**ACTIVITY:** In the records below, find the line containing "2016 Ford F-150 XL photo 19", then print it and every following line exactly, through the last, without pictures.

*** Begin section ***

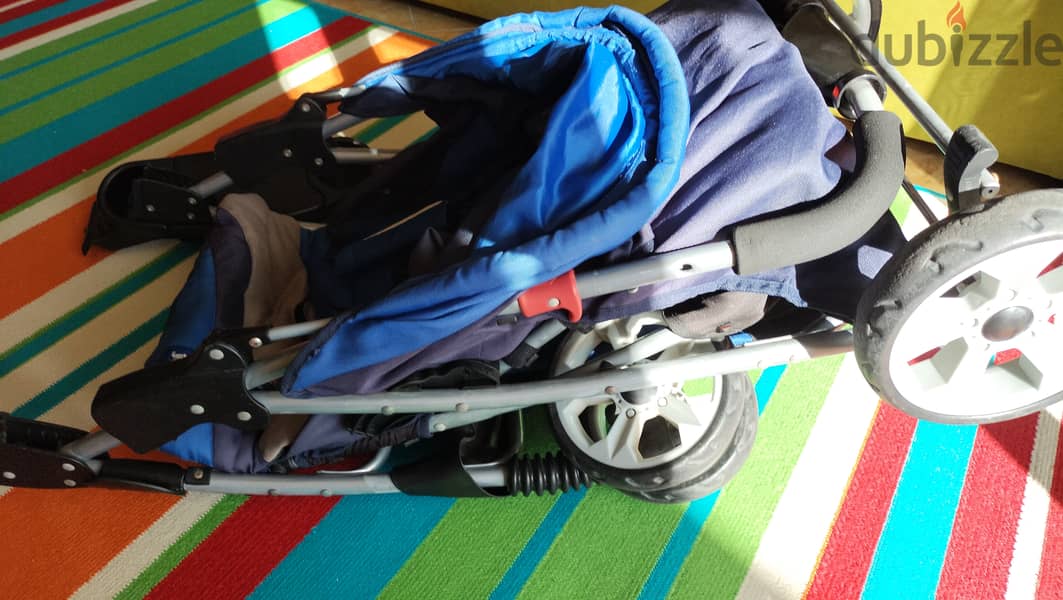 أصلي حالتها ممتازة جدا أزرق في أسود  Juniors Baby Stroller عربة أطفال 15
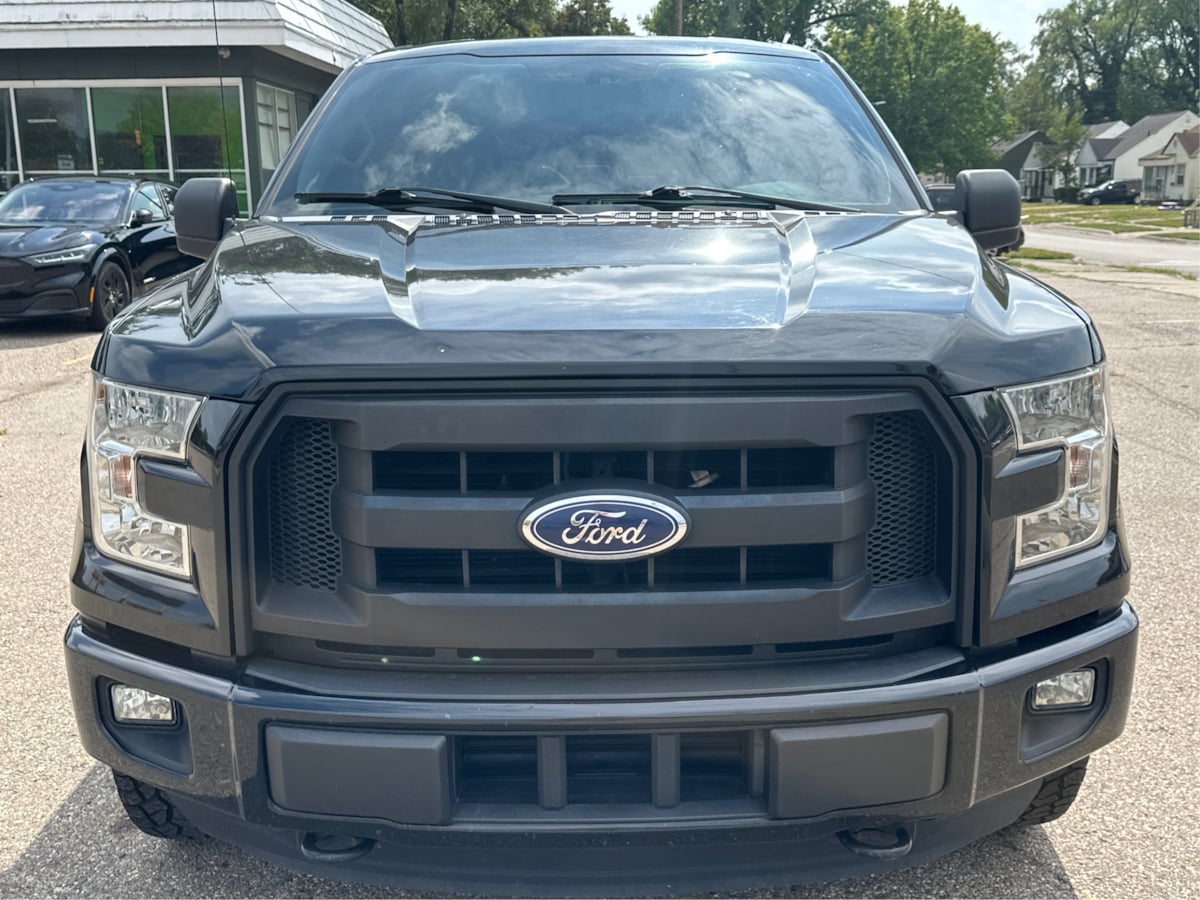 2016 Ford F-150 XL photo 19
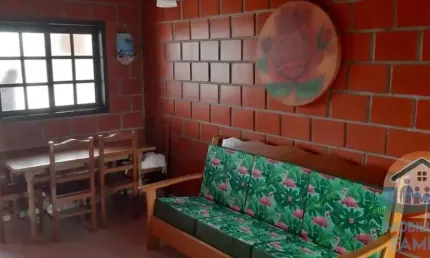 INCRÍVEL OPORTUNIDADE DE SOBRADO EM CONDOMÍNIO PRÓXIMO AO MAR NO BAIRRO MARTIM DE SÁ EM CARAGUATATUBA!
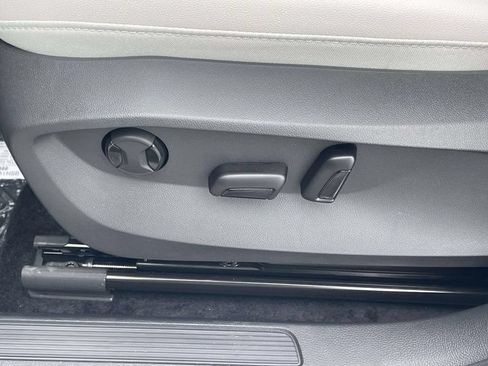 New 2026 Volkswagen Taos SE AWD/4WD image 16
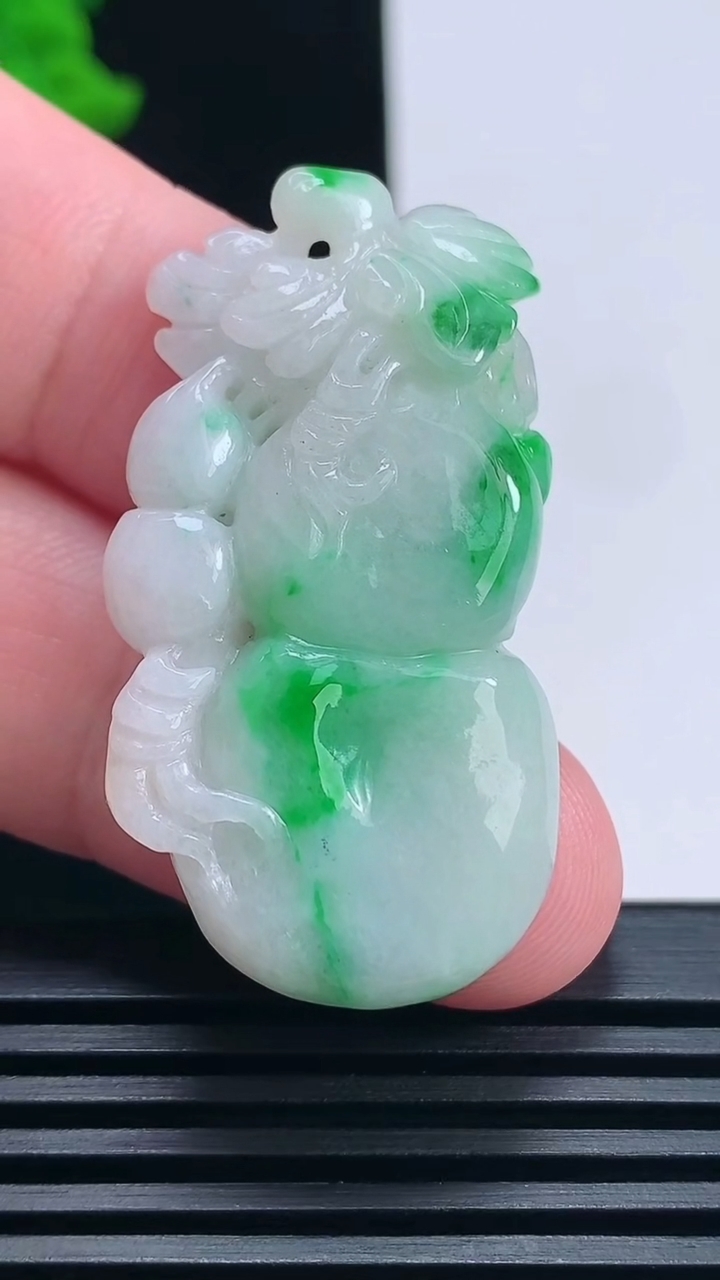 天然A货翡翠葫芦吊坠，尺寸41-22-7.6 重量:13.88g
6月24日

*** End section ***

**RESULT OF THIS TASK:**
 2016 Ford F-150 XL photo 19
 INCRÍVEL OPORTUNIDADE DE SOBRADO EM CONDOMÍNIO PRÓXIMO AO MAR NO BAIRRO MARTIM DE SÁ EM CARAGUATATUBA!
 New 2026 Volkswagen Taos SE AWD/4WD image 16
 天然A货翡翠葫芦吊坠，尺寸41-22-7.6 重量:13.88g
6月24日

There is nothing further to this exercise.